▸ TASK REQUIREMENTS
Please give the whole listing again word for word, and drop any pictures it holds.

▸ SOURCE MATERIAL
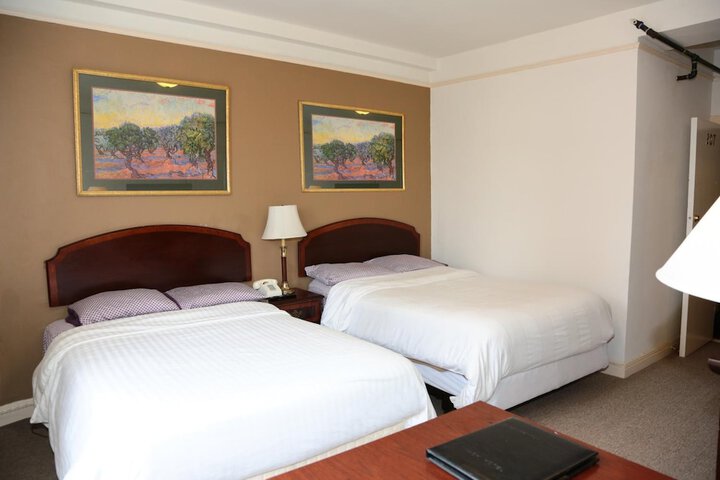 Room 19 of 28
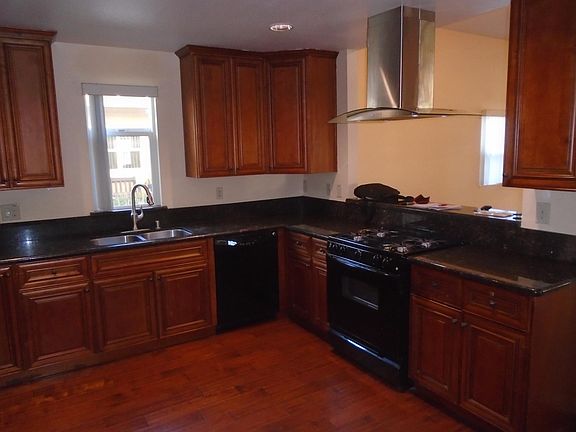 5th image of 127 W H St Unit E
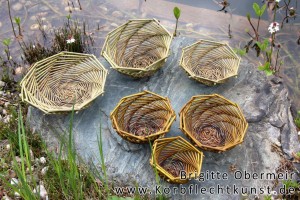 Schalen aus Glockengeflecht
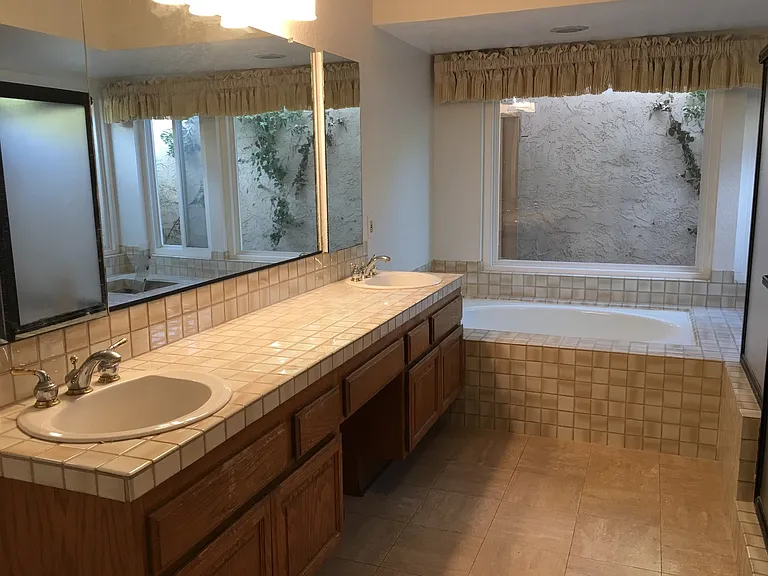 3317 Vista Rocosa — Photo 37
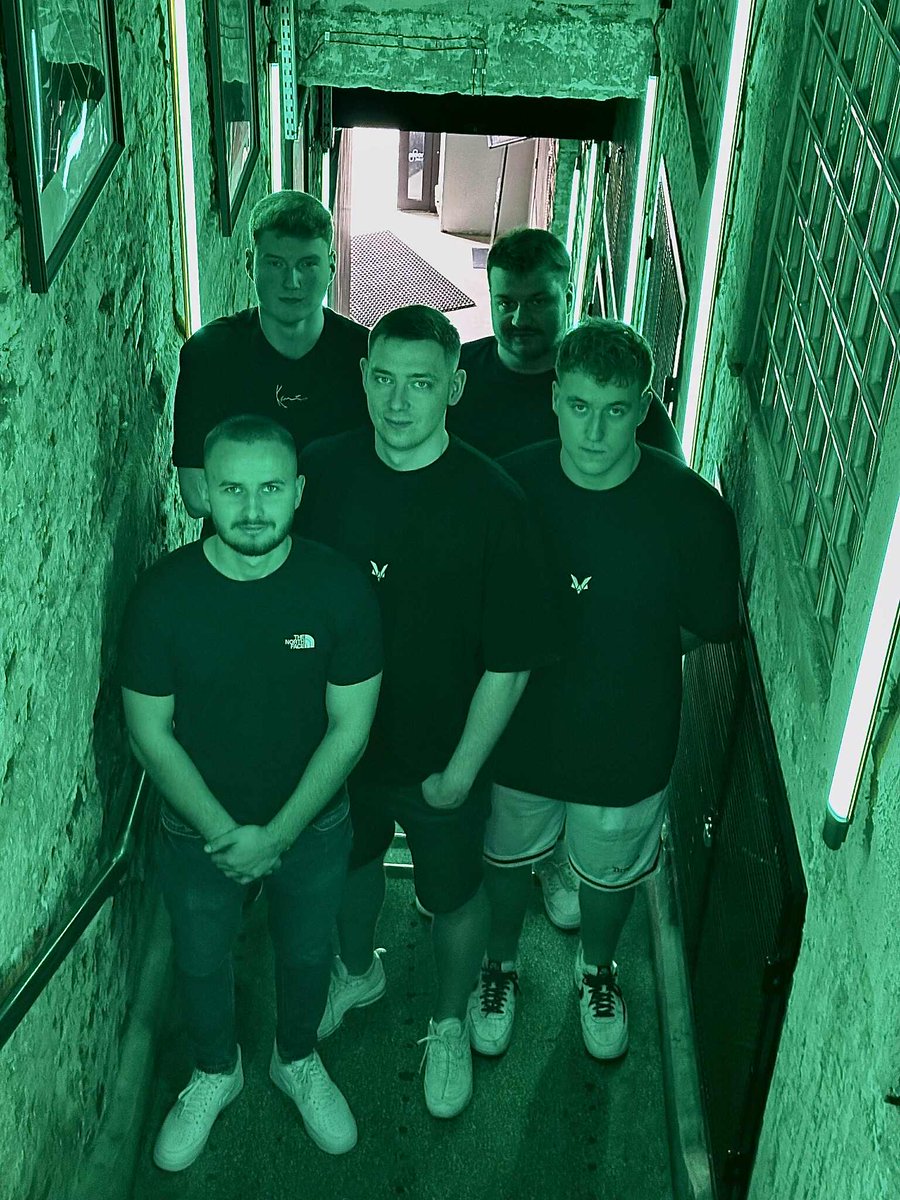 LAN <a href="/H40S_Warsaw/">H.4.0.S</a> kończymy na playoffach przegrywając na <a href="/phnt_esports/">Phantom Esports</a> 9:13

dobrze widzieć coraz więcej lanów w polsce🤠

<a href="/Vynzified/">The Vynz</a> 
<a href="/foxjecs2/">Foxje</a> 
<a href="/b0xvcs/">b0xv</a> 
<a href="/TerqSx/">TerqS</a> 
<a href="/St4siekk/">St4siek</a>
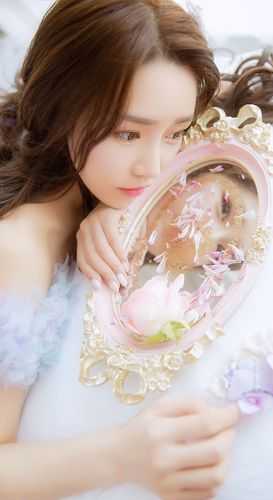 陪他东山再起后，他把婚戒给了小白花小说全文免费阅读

▸ PROBLEM SOLUTION
 Room 19 of 28
 5th image of 127 W H St Unit E
 Schalen aus Glockengeflecht
 3317 Vista Rocosa — Photo 37
 LAN <a href="/H40S_Warsaw/">H.4.0.S</a> kończymy na playoffach przegrywając na <a href="/phnt_esports/">Phantom Esports</a> 9:13

dobrze widzieć coraz więcej lanów w polsce🤠

<a href="/Vynzified/">The Vynz</a> 
<a href="/foxjecs2/">Foxje</a> 
<a href="/b0xvcs/">b0xv</a> 
<a href="/TerqSx/">TerqS</a> 
<a href="/St4siekk/">St4siek</a>
 陪他东山再起后，他把婚戒给了小白花小说全文免费阅读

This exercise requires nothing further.